Given data.
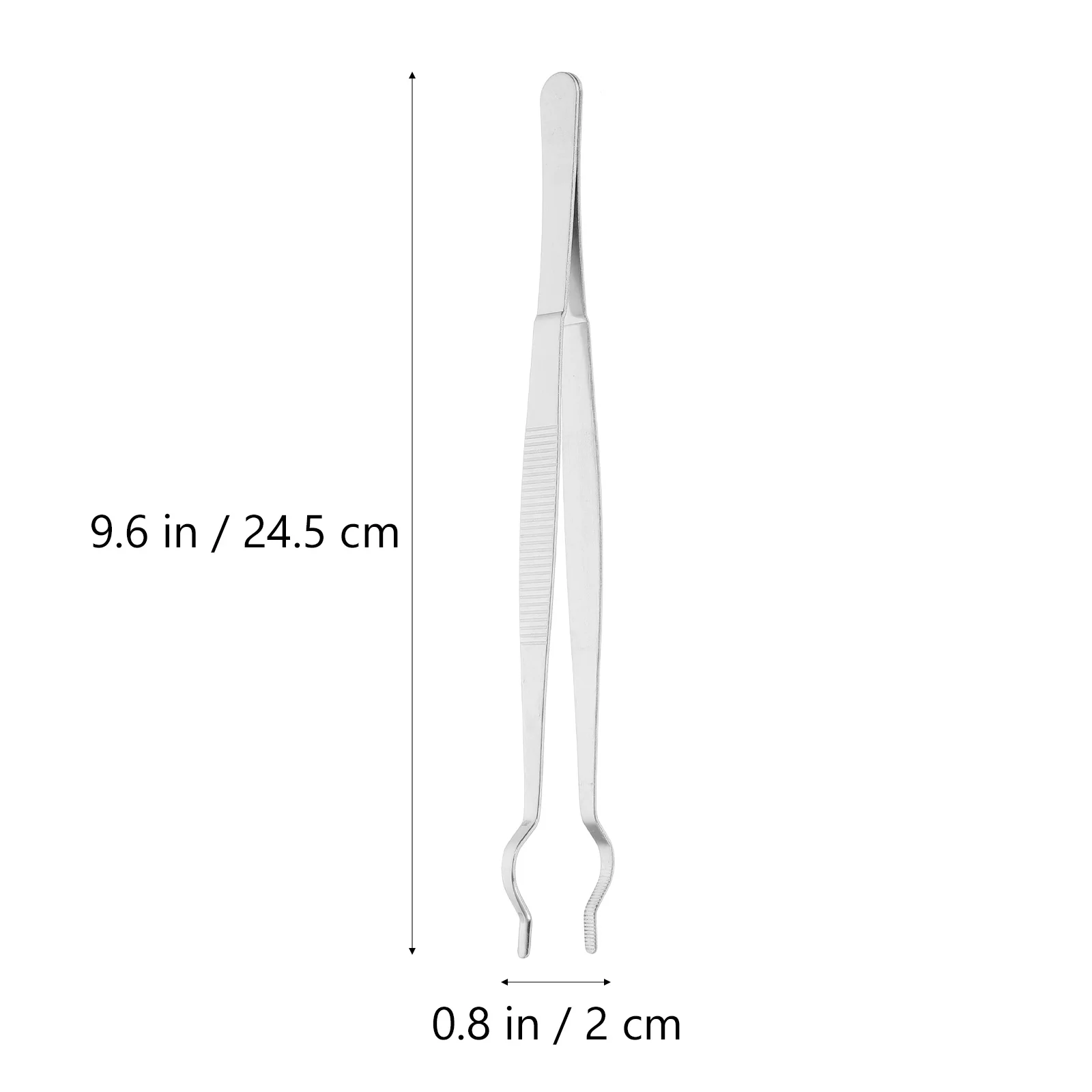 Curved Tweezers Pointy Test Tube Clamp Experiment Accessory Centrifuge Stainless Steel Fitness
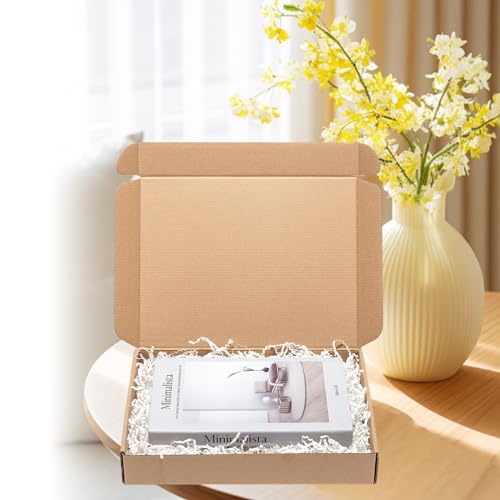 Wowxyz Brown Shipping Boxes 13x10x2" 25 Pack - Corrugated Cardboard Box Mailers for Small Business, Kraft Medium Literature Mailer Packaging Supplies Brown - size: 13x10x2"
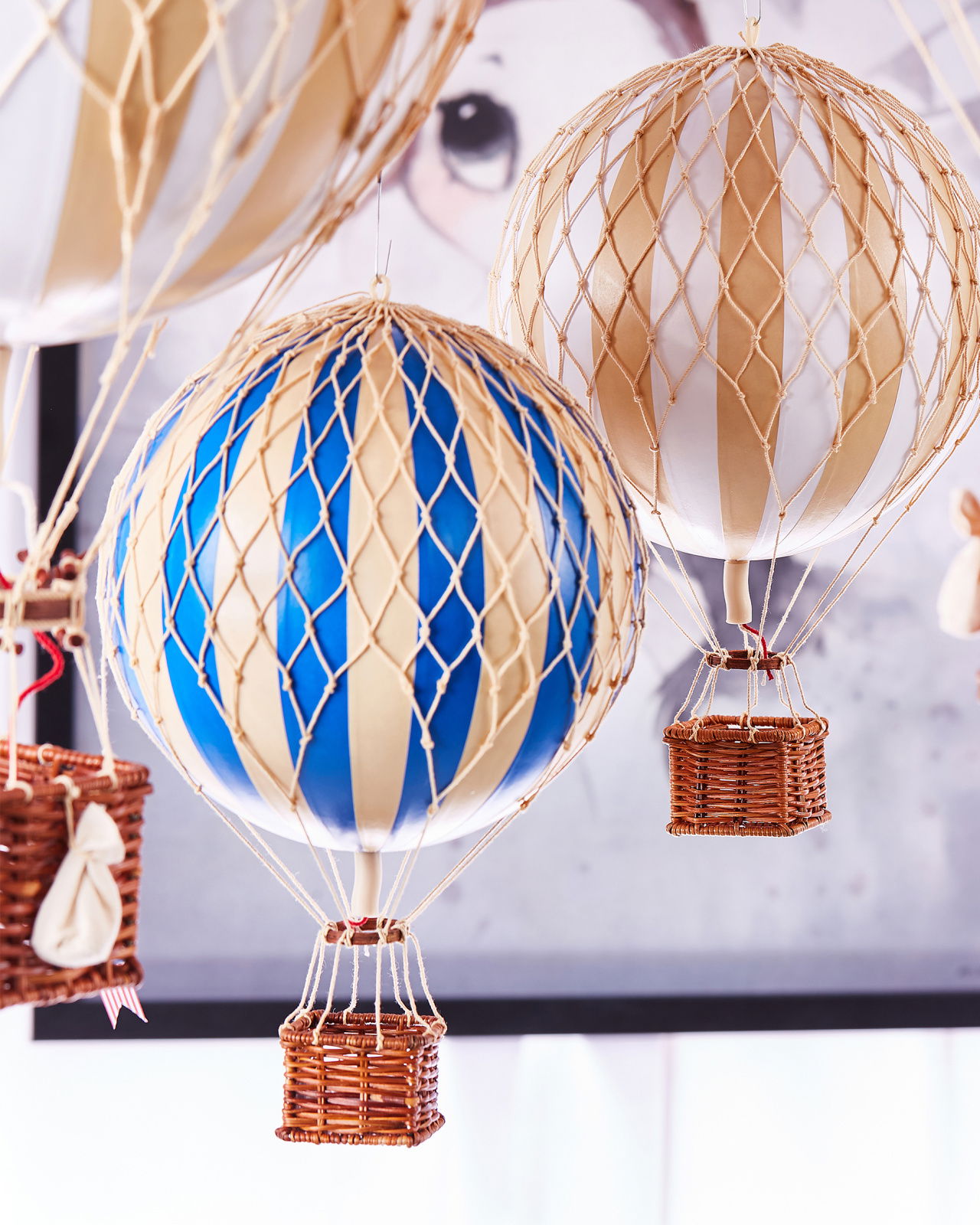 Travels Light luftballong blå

Required action. Reproduce every line above exactly, pictures excluded.

Result of this exercise.
 Curved Tweezers Pointy Test Tube Clamp Experiment Accessory Centrifuge Stainless Steel Fitness
 Wowxyz Brown Shipping Boxes 13x10x2" 25 Pack - Corrugated Cardboard Box Mailers for Small Business, Kraft Medium Literature Mailer Packaging Supplies Brown - size: 13x10x2"
 Travels Light luftballong blå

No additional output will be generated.